GOMC your fireplace makes such a great display area! The placement and balance makes everything look wonderful. Your pictures last year started me collecting the small to medium blow molds. The first one I bought was the pumpkin and wheat one and he is still my favorite. Also had to add some Biestle reproductions. My husband says this forum gets me in trouble and his pockets empty.


----------



## Forhekset (Oct 23, 2014)

pondobaba said:


> I have my vintage in my kitchen.
> View attachment 322377


Did you frame some cardboard decorations? That little nook in the background is perfect for displaying stuff.



amuck amuck said:


> My husband says this forum gets me in trouble and his pockets empty.


Agreed, we're all a bunch of enablers here.


----------



## AstorReinhardt (Sep 6, 2016)

Forhekset said:


> I saw two blow molds on your blog there - the cat head, and the jack o' lantern next to him. I'm definitely no expert on vintage Halloween stuff, but I'm sure someone here will be able to help you identify it.
> 
> The thing about the cardboard decorations, and blow molds as well, is that you can still buy a lot of this stuff brand-new, made from the original molds or designs.

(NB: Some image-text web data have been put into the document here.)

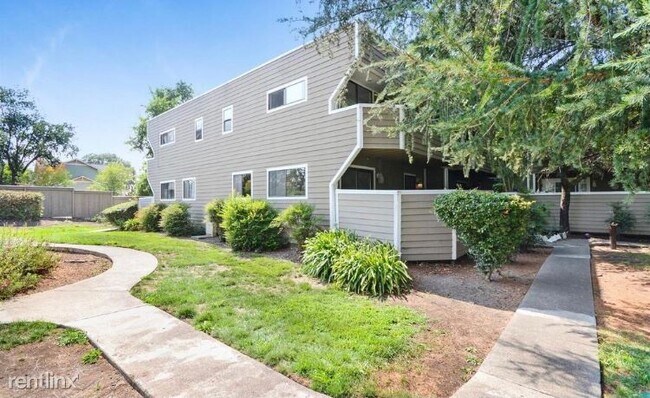 Building Photo - 2 br, 1.5 bath Townhome - 2183 W Steele Ln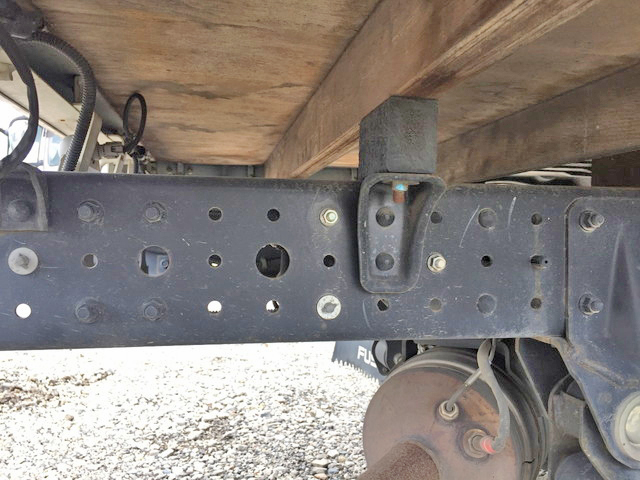 三菱ふそうキャンター平ボディ小型（2t・3t）[写真20]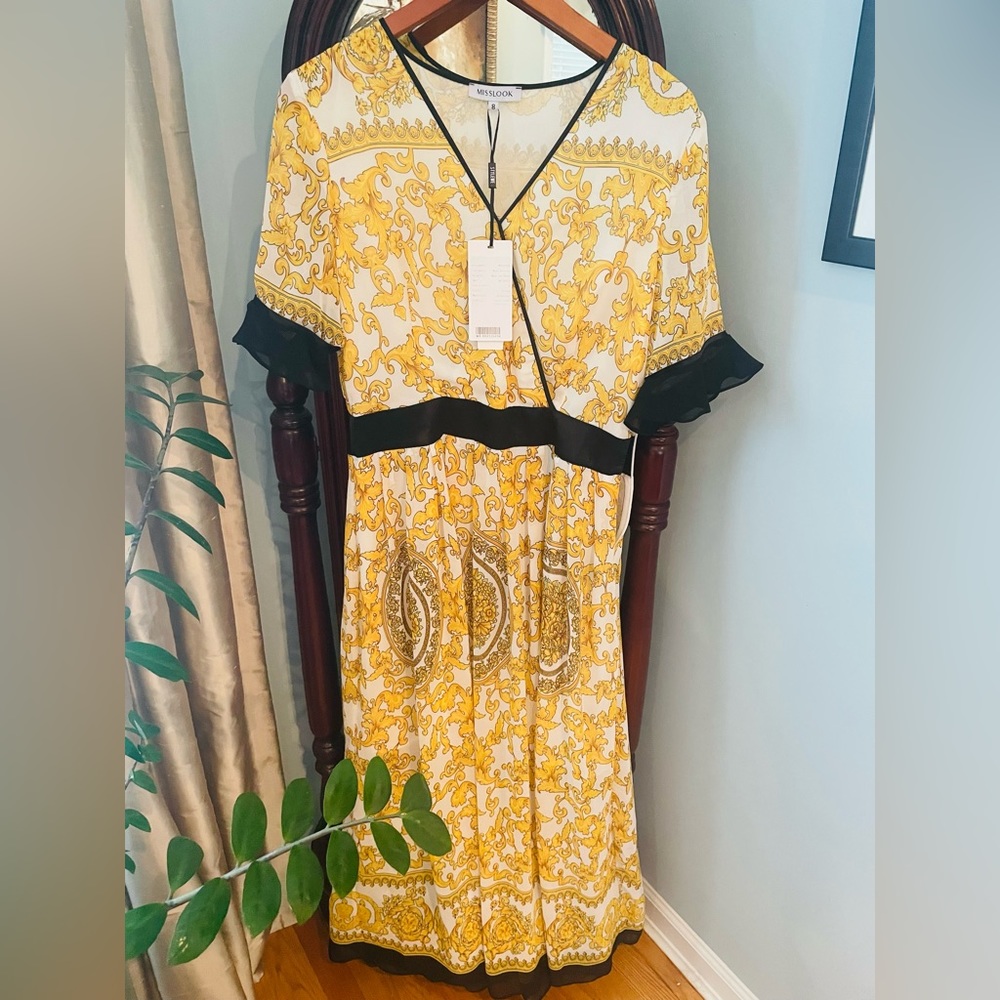 Yellow Surplice Neck A-line Printed Maxi Dress. NWT. Lining to above knees.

For instance I just bought this guy below brand-new, and you can also get new reproductions of classic Beistle cardboard decorations from http://www.vintagebeistle.com/.
> 
> View attachment 322337


The cat isn't a blow mold, he's ceramic...which is why I wonder so much. Ceramic can be any age, and with no date or name on him...I have no idea if he is old. The only clue I have is the spring where his neck should be...means he was part of something. The spring also has some old glue on it...so maybe he is old from the glue they used...it's very yellowed but it's still stuck on there fairly well. Everything is pointing towards old but...I don't want to count my chickens before they hatch.


----------



## AstorReinhardt (Sep 6, 2016)

RCIAG said:


> I'm not as big an expert as Gris but I can tell you from my little bit of experience that the repro blow molds will have thicker plastic & be a brighter, deeper color of orange or white or whatever. The true vintage ones I have are a thinner plastic & faded from use.
> 
> I bought a couple last year somewhere that were repros of ones I already have & that was the case, they were thicker, sturdier plastic & a deeper orange.
> 
> They also just feel different, probably from the plastic that's used. If you put a true vintage blow mold & a repro side by side you can really tell the difference.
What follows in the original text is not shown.